Only two hours to print 15 sheets this time. It's probably a good thing that I have to give my attention to a contract project tomorrow, I think my hand needs a break. But it's pretty darned exciting to be working this size! I'm already thinking about the NEXT big print.

I've said it before: Happiness is a full drying rack.
And speaking of big prints... stay tuned for news about a hugely (and I mean HUGEly) exciting project coming up this spring. (Hint: Think industrial machinery.)


  1. Well, I was going to suggest you get in touch with the chaps who use road rollers...but you've hinted at something like that!

  2. :-D No sneaking things past YOU, Dinahmow!

  3. Exciting to be working on a large scale. What kind of barren to you use? Can you use a large brayer to press the print? I recently watched a video on reduction lino printing and she had this awesome press and it took her about 20 seconds to pull a print. I can imagine how having that kind of gear would change your life!

  4. looking good so far :D

    i would kill for a press, but its either have a bed or get a press and sleep on the floor :p

  5. Handprinting a three foot linocut!! Not throwing down a gauntlet to the rest of us baren users are you?

  6. Wow, I'm impressed (as usual) with what and how you are doing this! My girls often look at my hands and suggest I get a manicure to rub away the paint and the pain! Might help. Happy New Year to you, Sherrie!

  7. Marta... I use the plastic/nylon "Japanese disk baren"from Daniel Smith: I'd love to try one of those ball-bearing ones, especially when wrestling something this size, but they're pricey!

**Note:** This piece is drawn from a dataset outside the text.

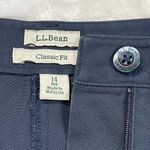L.L. Bean Classic Fit Navy Trousers Women's 14 100% Cotton Hidden Stretch Sides Blue Photo 6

    Jen... you could put a mattress on the press when you're not using it... although in this case you'd want the BIGGEST possible press so you had room to stretch out at night. ;-)

    Dunno, Stuart... I suppose that depends on whether or not you pick up aforementioned hypothetical gauntlet.

    Oh, Carole... my nails are a constant WRECK. Broken and ragged all the time. (sigh) Good thing I have no aspirations to be a hand model.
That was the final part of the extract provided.